Caption-style text data
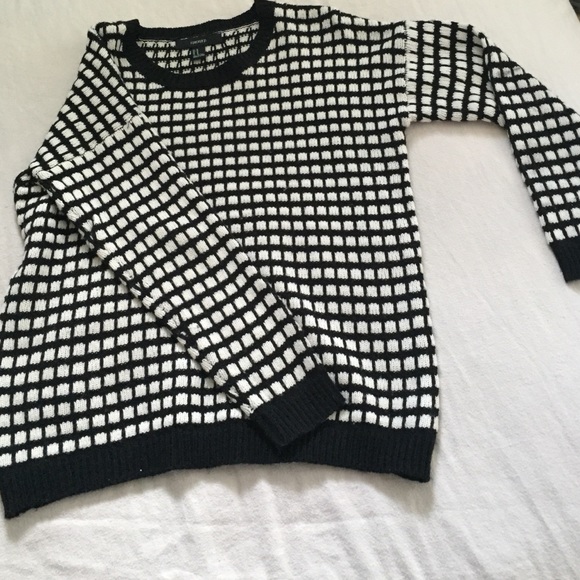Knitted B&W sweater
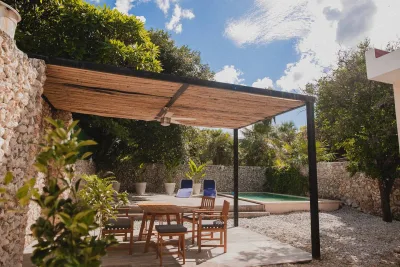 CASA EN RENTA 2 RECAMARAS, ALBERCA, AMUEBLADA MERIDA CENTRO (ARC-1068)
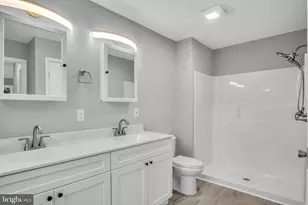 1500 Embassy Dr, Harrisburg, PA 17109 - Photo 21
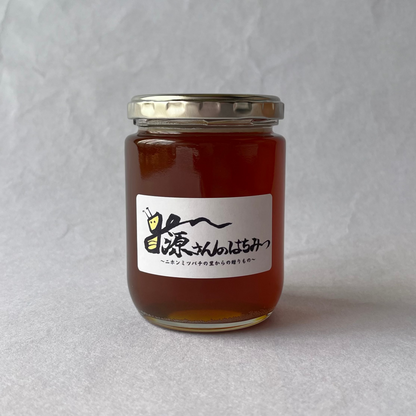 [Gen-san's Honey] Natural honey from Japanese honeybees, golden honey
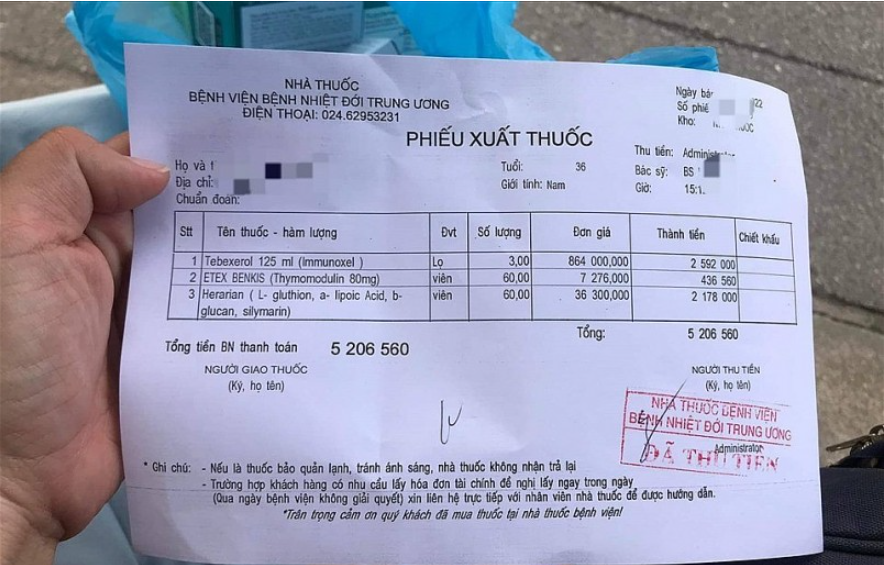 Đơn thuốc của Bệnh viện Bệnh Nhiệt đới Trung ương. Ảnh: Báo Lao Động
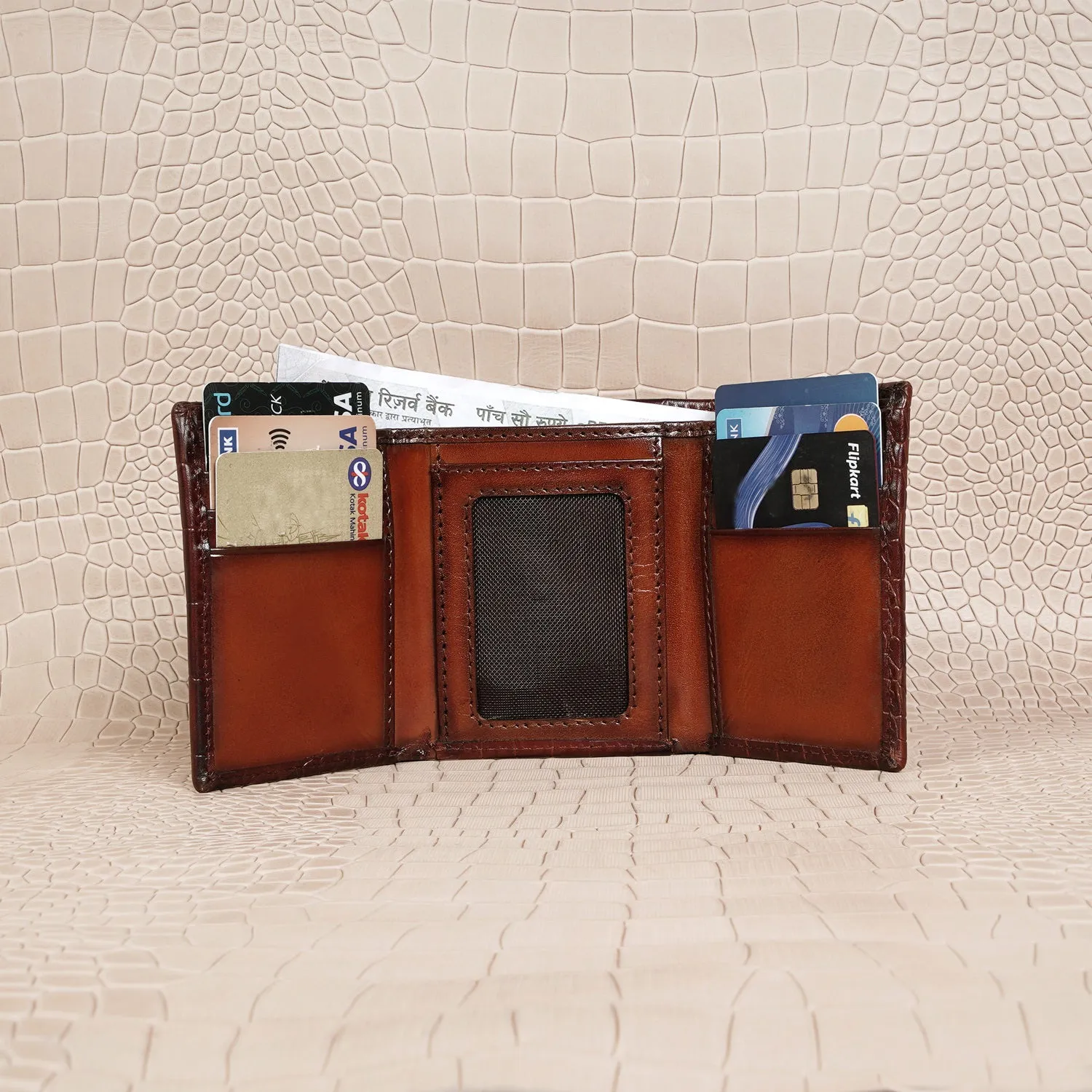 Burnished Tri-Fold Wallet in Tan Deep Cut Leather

EXERCISE INSTRUCTIONS |
Pictures aside, repeat every entry exactly as written.

TASK ANSWER |
Knitted B&W sweater
 CASA EN RENTA 2 RECAMARAS, ALBERCA, AMUEBLADA MERIDA CENTRO (ARC-1068)
 1500 Embassy Dr, Harrisburg, PA 17109 - Photo 21
 [Gen-san's Honey] Natural honey from Japanese honeybees, golden honey
 Đơn thuốc của Bệnh viện Bệnh Nhiệt đới Trung ương. Ảnh: Báo Lao Động
 Burnished Tri-Fold Wallet in Tan Deep Cut Leather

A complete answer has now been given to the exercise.